What did Crabb do in response to that thrashing?
Guarantee that they’d win the next tournament they played.
He doesn’t tell anyone he’s about to do it, either. Doesn’t give Bourne the heads up that the other 15 teams in the tournament will now be focused primarily on ensuring that the guarantee does not hold up. Just types out the caption on Instagram and lets it fly.
“We all hear the guarantee at the same time,” Bourne said with a laugh. “It’s a gnarly thing. I like to say I’ll rise up to the challenge. I don’t want to be the type of player who gets crippled by that type of thing. I like the challenge. And now we know they’re spontaneous. It’s not like he’s thinking about it.”
Both, however, were thinking about ways to turn around this season, which is nearing its halfway point. They lost their coach, Jose Loiola, at the beginning of the season — Loiola took a job with USA Volleyball — and his absence had a bigger impact than either expected. The transition to Leandro Pinheiro wasn’t a bumpy one — Pinheiro had been their assistant coach — but it took time to adjust to a new energy, a new style, a new mind. Add onto that the fact that Pinheiro couldn’t travel with them during their extended Volleyball World trip, and Bourne and Crabb idled in a sort of holding pattern as a team.
“Our coaching change was a big factor, bigger than we both thought it was going to be,” Crabb said. “Two totally different styles of coaching. Just having to buy into a new style and getting used to that was a big change. And then not having a coach on the road for all of those international events was tough.”
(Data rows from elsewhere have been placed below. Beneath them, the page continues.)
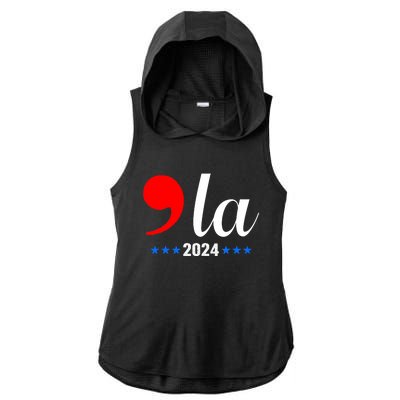 Comma + La Kamala Harris For President 2024 Election Ladies PosiCharge Tri-Blend Wicking Draft Hoodie Tank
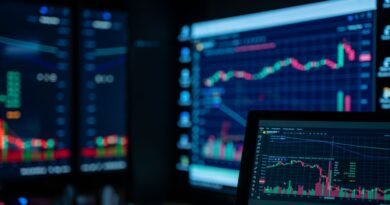 Stock market charts on monitors in a dim room, the figures behind an AI valuation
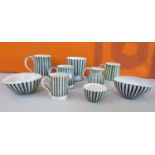 Rye Design Team for Rye Pottery collection of stripe pottery comprising four mugs, two finger bowls,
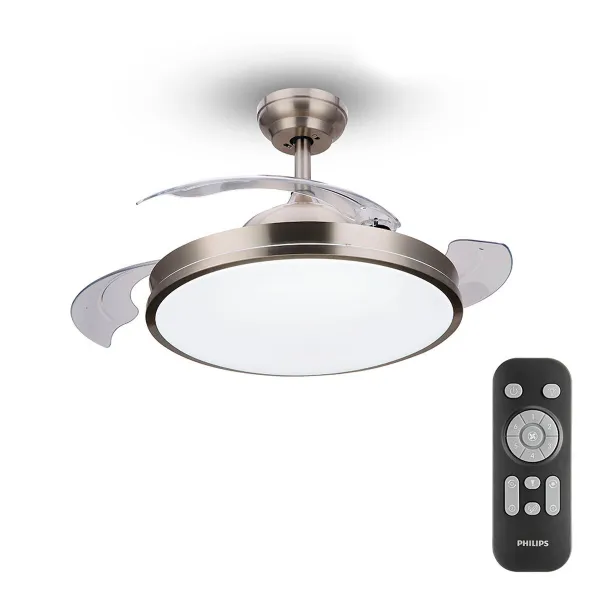 Kattotuuletin valolla Philips Atlas 35 W 28 W 4500 Lm nikkeli (2700 K)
There is no telling which factor was more important in Fort Lauderdale: the coaching transition or the sense of urgency on which they seem to thrive, be in manufactured or natural. But there is no doubting that Bourne and Crabb have at least a fraction of their swagger back. In the immediate moments after beating Chaim Schalk and Theo Brunner in the finals, 23-21, 21-14, Crabb guaranteed another win this upcoming weekend in Atlanta, for the debut of the Gold Series.
“If there was no mic, maybe the Atlanta guarantee wasn’t going to happen,” Crabb said with a laugh. “But I never back down on a bet.”
So they’ll head into Atlanta villains once more, the target on them growing ever bigger, which seems to be exactly the way they like it, maybe even exactly the way they need it.
“We both had talked about it and both felt like it was a matter of time,” Bourne said. “It gets a little nerve-wracking when it takes longer than you thought. We were both definitely looking at it like ‘When’s it going to click.’ Now we need to maintain it, stay in that same zone we’re at.”